Hollywood of the East. That is how movie folk talk about North Carolina. It all started back in the early 1980s when big shot Italian movie producer Dino De Laurentiis was looking for a Southern mansion to stand in for an elegant Virginia plantation in the screen adaptation of Steven King's Firestarter. De Laurentiis happened to see a photo of Orton Plantation in Brunswick County on the cover of a magazine and soon he was on a plane to North Carolina to shoot his movie with nine-year old ingenue Drew Barrymore in the lead. In addition to filming around Wilmington the production moved to Western North Carolina to shoot footage around Lake Lure and Chimney Rock.
After the crews were finished with Firestarter in 1984 everyone assumed De Laurentiis was through with the state. Instead, he stayed in Wilmington and constructed the largest television and movie production facility in America outside California. So many productions used North Carolina that it became known as the "Hollywood of the East." It was not the first time the silver screen had been smitten with North Carolina in general and the mountains in particular.
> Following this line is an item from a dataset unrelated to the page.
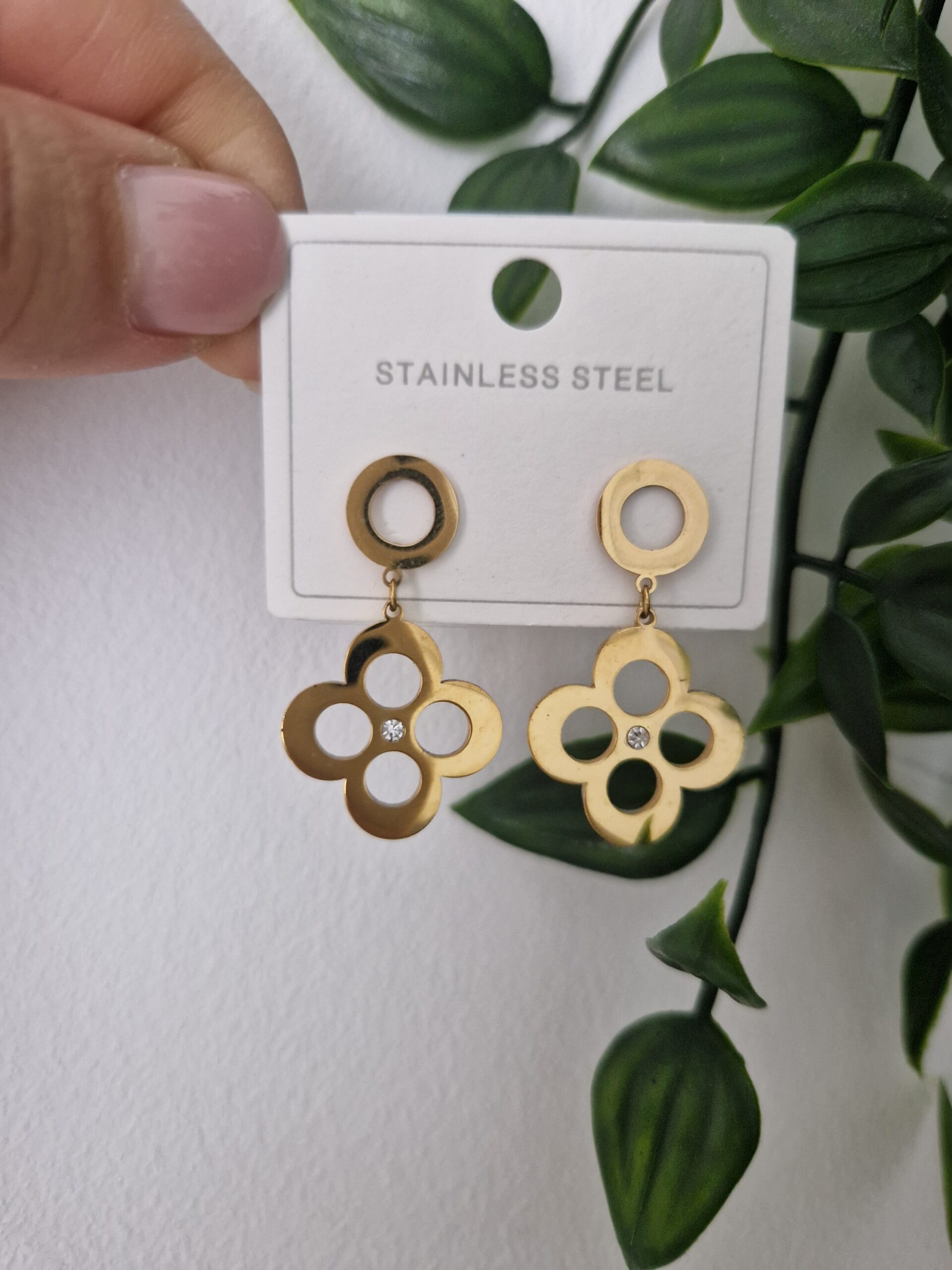 Lilou Gold Stud Earrings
At the dawn of the silent film era in 1914 the Edison Motion Picture Company began making short pictures in Western North Carolina. Thomas Edison, who had been summoned to Asheville years earlier to install an electric trolley, tipped off his movie company about the natural beauty of the region. Downtown Asheville and the surrounding countryside would be used as the backdrop for some 20 movies in the following years before almost all productions beat a retreat to the convenience of Hollywood sound stages in the 1920s.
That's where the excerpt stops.